Task directions.
Retype only what runs from the line with "Luxury Apartments At" through the end of the entries, exactly and in full, but omit any picture you find.
-- -- --
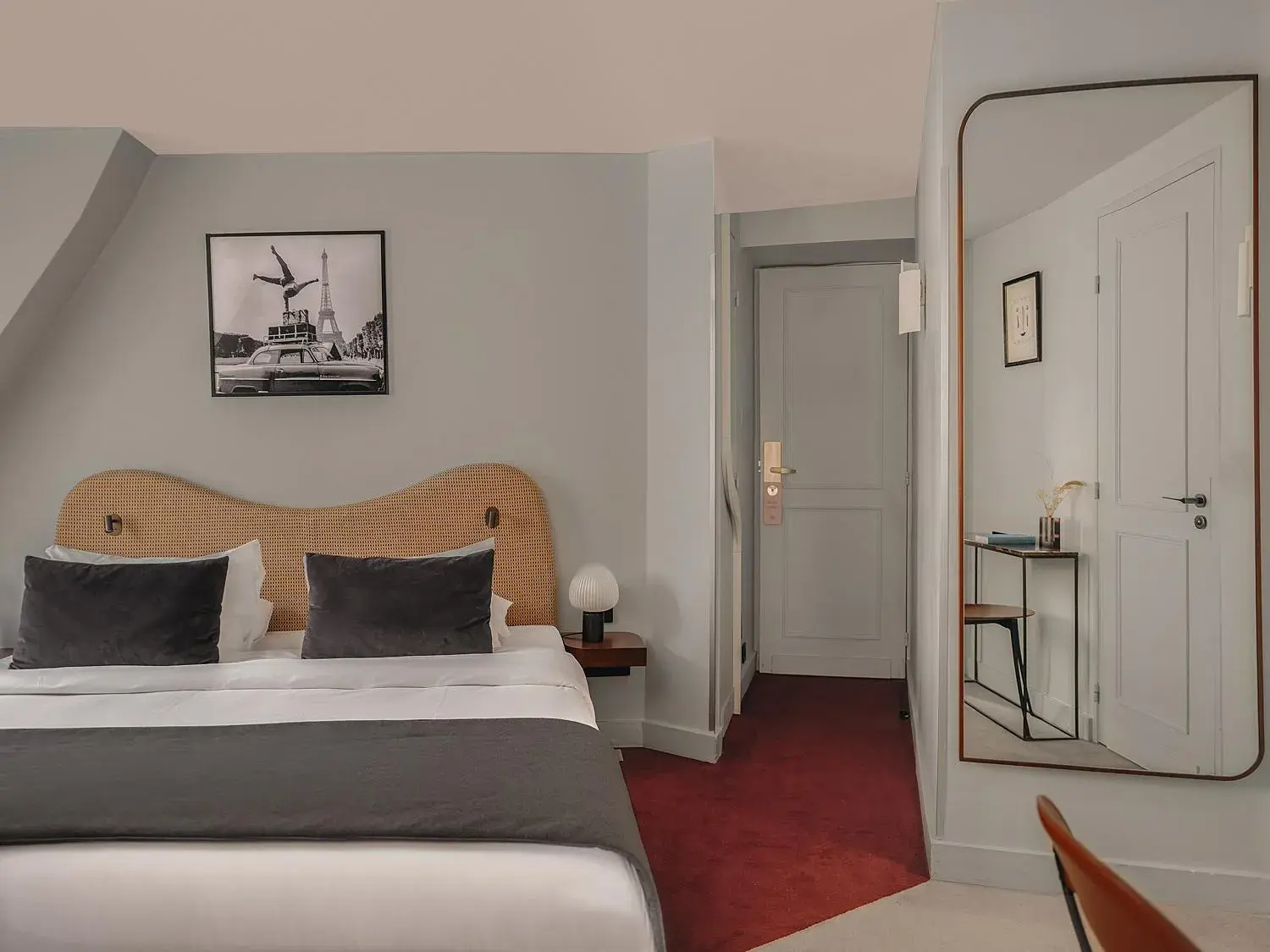 Bedroom, Bed in Hôtel Belloy Bedroom, Bed in Hôtel Belloy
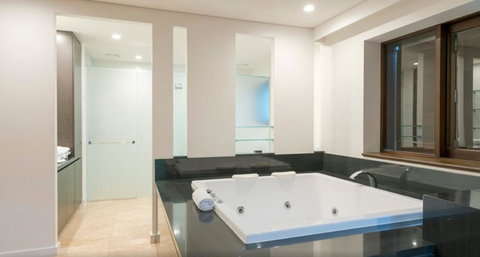 Luxury Apartments At Temple Resort And Spa Port Douglas - Mackay Tourism 21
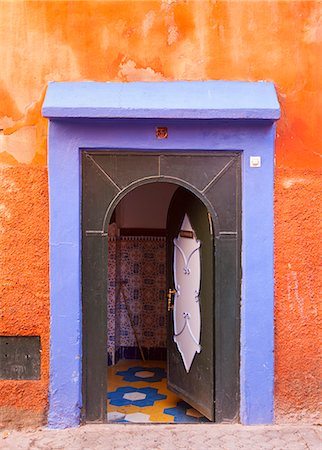 Colorful ornate doorway Stock Photo - Premium Royalty-Free, Code: 649-06622274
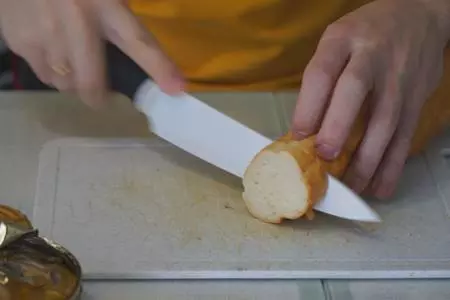 Закусочные бутерброды со шпротами: шаг 2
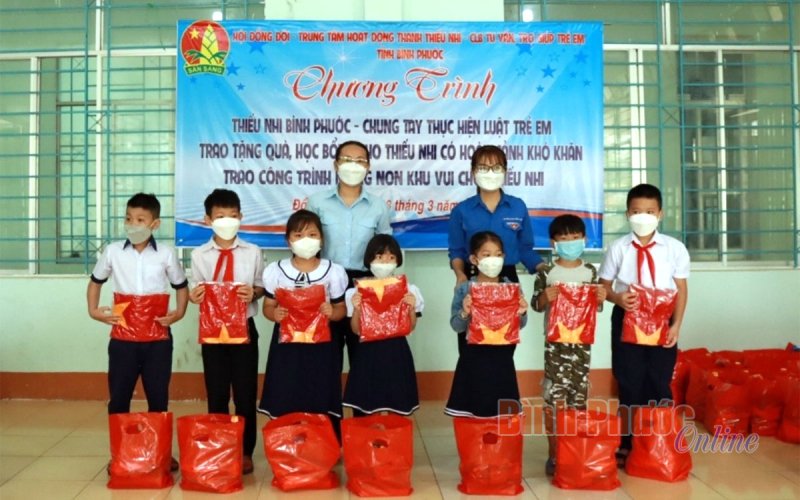 Đồng Phú: 15 học sinh tiêu biểu được trao học bổng Vừ A Dính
-- -- --
Finished task.
 Luxury Apartments At Temple Resort And Spa Port Douglas - Mackay Tourism 21
 Colorful ornate doorway Stock Photo - Premium Royalty-Free, Code: 649-06622274
 Закусочные бутерброды со шпротами: шаг 2
 Đồng Phú: 15 học sinh tiêu biểu được trao học bổng Vừ A Dính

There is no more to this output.